Applied Mathematics Seminar——Wasserstein-regularized learning via neural transport maps: from gradient flow to minimax
报告人:Xiuyuan Cheng (Duke University)
时间:2026-07-09 10:30-11:30
地点:智华楼-四元厅-225
Abstract:
Wasserstein regularization has become a common tool in learning problems over distributions, while its practical computation remains challenging, especially in high dimensions. This talk presents a framework for Wasserstein-regularized learning based on directly parameterizing transport maps with neural networks. Rather than working with dual potentials or entropic relaxations, we explicitly model the transport map, which enables principled optimization in Wasserstein space as well as scalable out-of-sample evaluation.

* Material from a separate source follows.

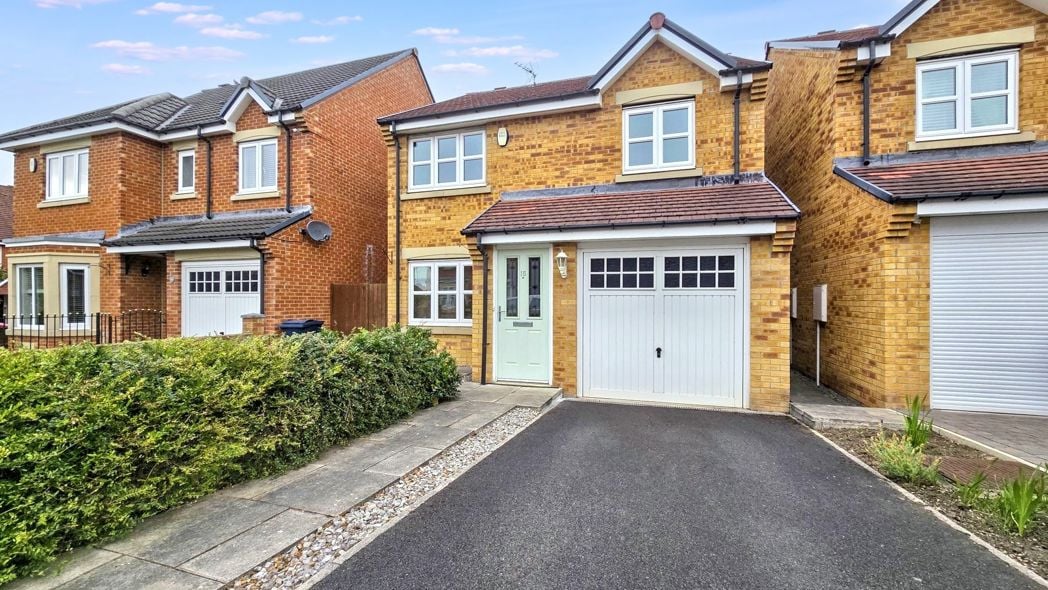 Property image 1 of 17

One example is the implementation of Wasserstein-2 proximal steps via flow networks that realize the Jordan–Kinderlehrer–Otto (JKO) scheme, yielding a variational interpretation of flow-based generative models. The talk will also discuss a minimax regime motivated by distributionally robust optimization (DRO), where transport is chosen adversarially. In this setting, neural transport maps provide a practical framework for studying Wasserstein minimax problems and representing worst-case distributions. Together, these examples highlight the flexibility of transport-map formulations for incorporating Wasserstein geometry into learning problems over distributions.